Tuesday, December 11, 2007

FactSet Flashwire: Hedge Fund M&A – Is It Worth It?

Top Financial Sponsor Buyouts YTD

Excerpt from FactSet Flashwire News

LONDON – Acquisitions of financial sponsors (hedge funds, REITS, private equity firms) have continued through the credit crunch, and hedge funds might be a more likely target than most now that hedge funds are at their lowest levels in seven years.

Last week, Swiss banking group EFG International agreed to acquire UK hedge fund Marble Bar Asset Management LLP. EFG is paying $517 million immediately, then $300-800 million based on performance in the next six years. In aggregate, the deal could be worth up to $1.3 billion.

No doubt the $4.4 billion injection of Marble Bar’s assets under management deepens EFG’s foray into the alternative investment world, but with financial buyers at a low point compared to a few months ago, it’s an interesting time for EFG – which was previously a traditional bank – to delve into the more risky environment. Now 18% of assets managed under EFG are in hedge funds. And it should be repeated that the most recent global hedge fund index is showing the worst returns in seven years.

Looking at the deal, though, EFG paid about ten times expected earnings – assuming it will make the projected $80-100 million – which isn’t that steep of a price. But will it hit those numbers?

Following Marble Bar’s ownership back in time, it’s been one handover after another: the fund started with two Kyte Securities bankers buying out a Kyte fund. They sold a 20% stake in the business to Lehman Brothers a couple years ago. And the Lehman chunk is being bought out by EFG and Lehman is getting about double what they paid for it.

The biggest question now is what should EFG do with the firm and its management?

Looking at JP Morgan’s acquisition of hedge fund Highbridge Capital Management a few years ago may provide some insight.

“With the Highbridge buyout, JP Morgan had a huge asset management arm, but they kept everyone in place after they took over, and it’s done very well for them,” said a London-based spokesman for a major bank who preferred to remain anonymous.

Morgan Stanley has been on an acquisition spree this year, buying all or part of hedge fund FrontPoint, hedge fund Traxis Partners, investment group Lansdowne Partners, and distressed investor Avenue Capital.

“Usually the buyer is after the team, the track record and the investors, and they’re paying handsomely for it,” said Felix. “Sometimes the principals of the firm being acquired only stay a few years, sometimes at their choice, other times because once their business has been assimilated the guys who bought them feel they don’t need them, don’t want to pay them and just want to run things the way they want to,” said Felix.

“The big challenge with such acquisitions is that the key assets are people who can walk out the door,” said Josh Lerner, Professor of Investment Banking at Harvard Business School. “In many cases, the value of the ‘brand’ and organizational structure is often very low – far less than in investment banks or law firms.
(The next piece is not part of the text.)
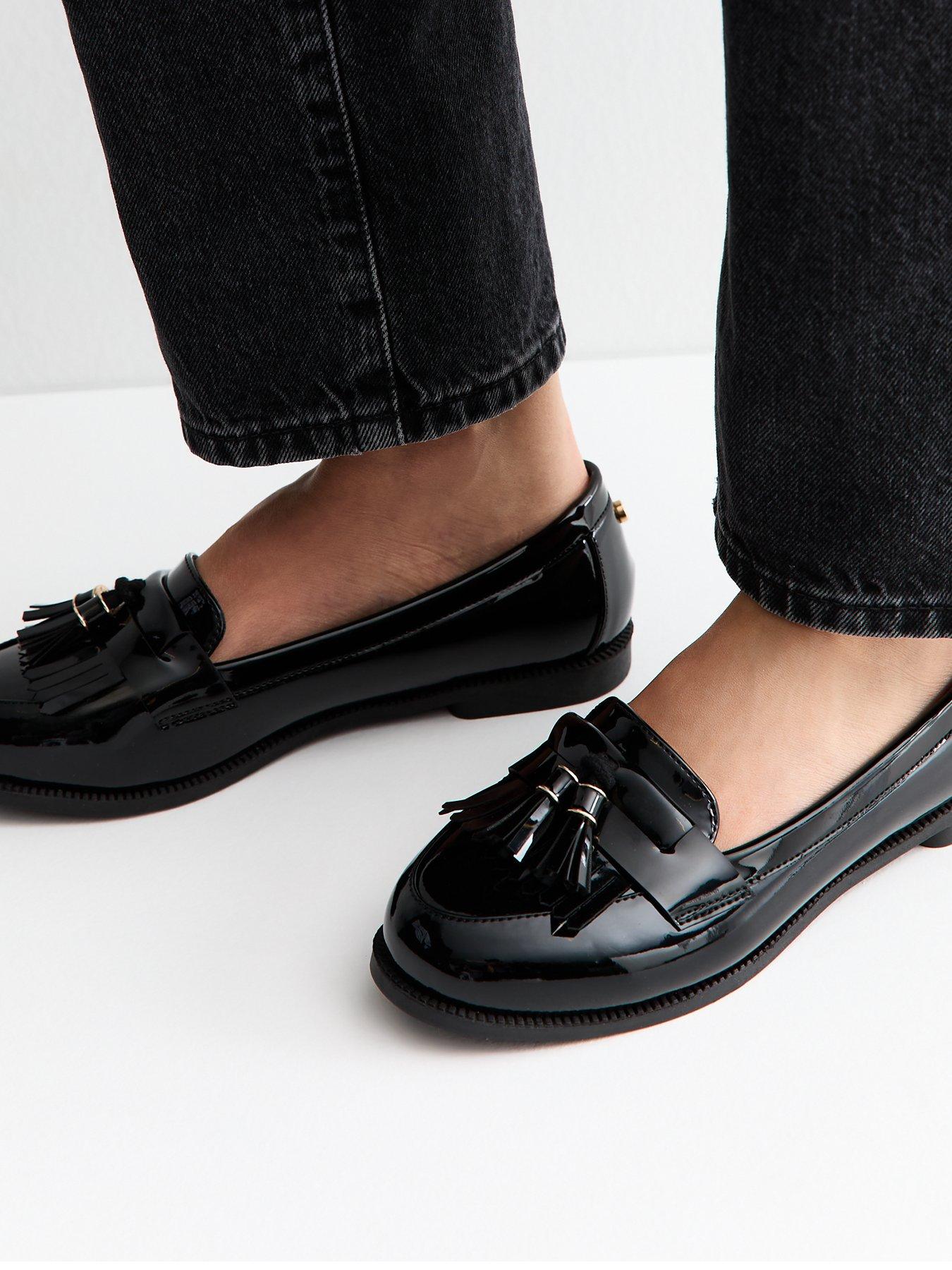 Image 2 of 6 of New Look Wide Fit Faux Patent Leather School Shoe&nbsp;Loafers - Black
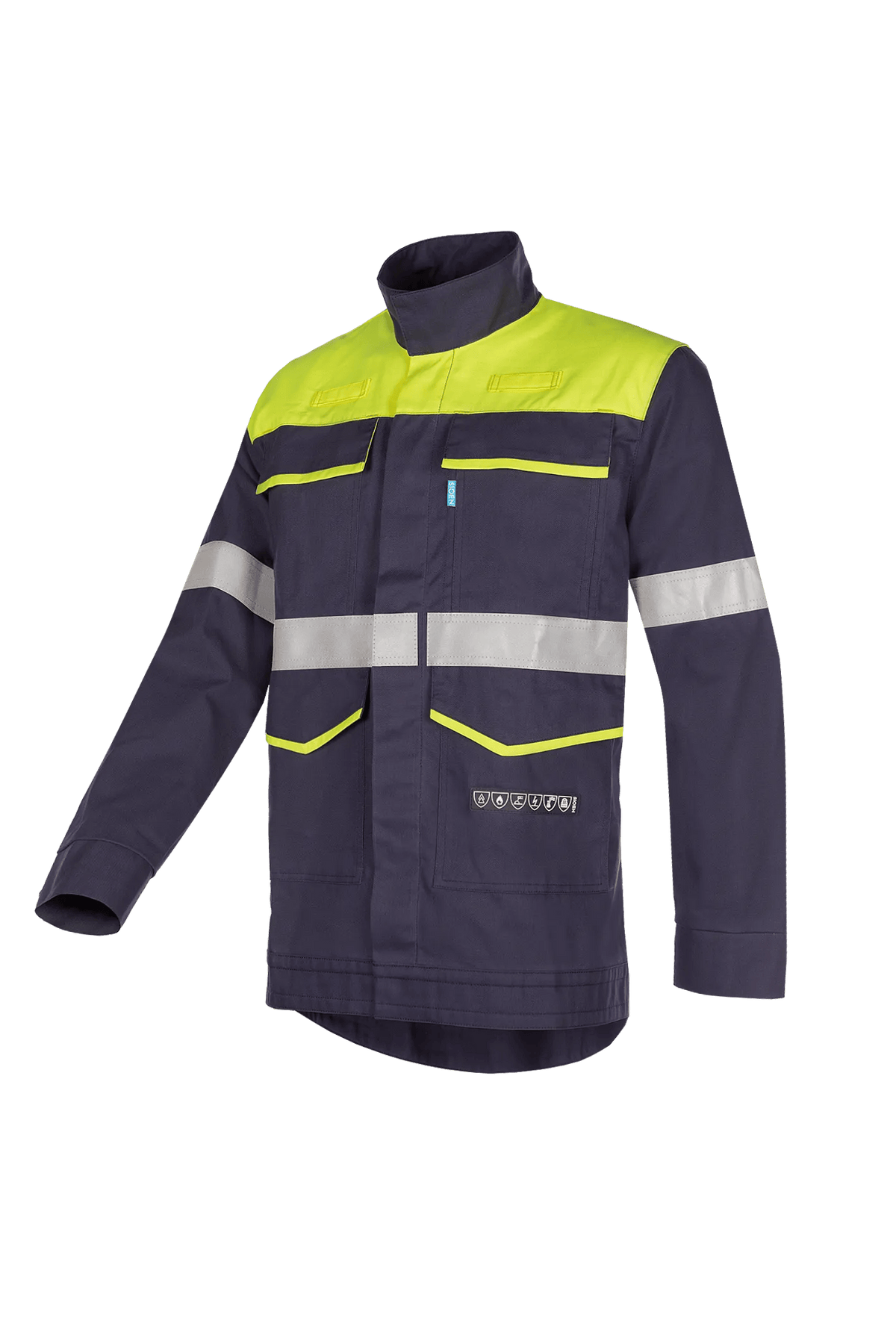 Sioen PRO Jasper in Navy blue/High-vis yellow, side view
Thus, the challenges with acquisitions of PE groups are quite substantial.”

For this reason, minority purchases make far more sense, like Abu Dhabi’s sovereign wealth fund Mubadala Development Co’s acquisition of a 7.5% stake in The Carlyle Group, which it took this September for $1.4 billion.

Out of the 948 buyouts of financial sponsors this year, 212 were minority purchases.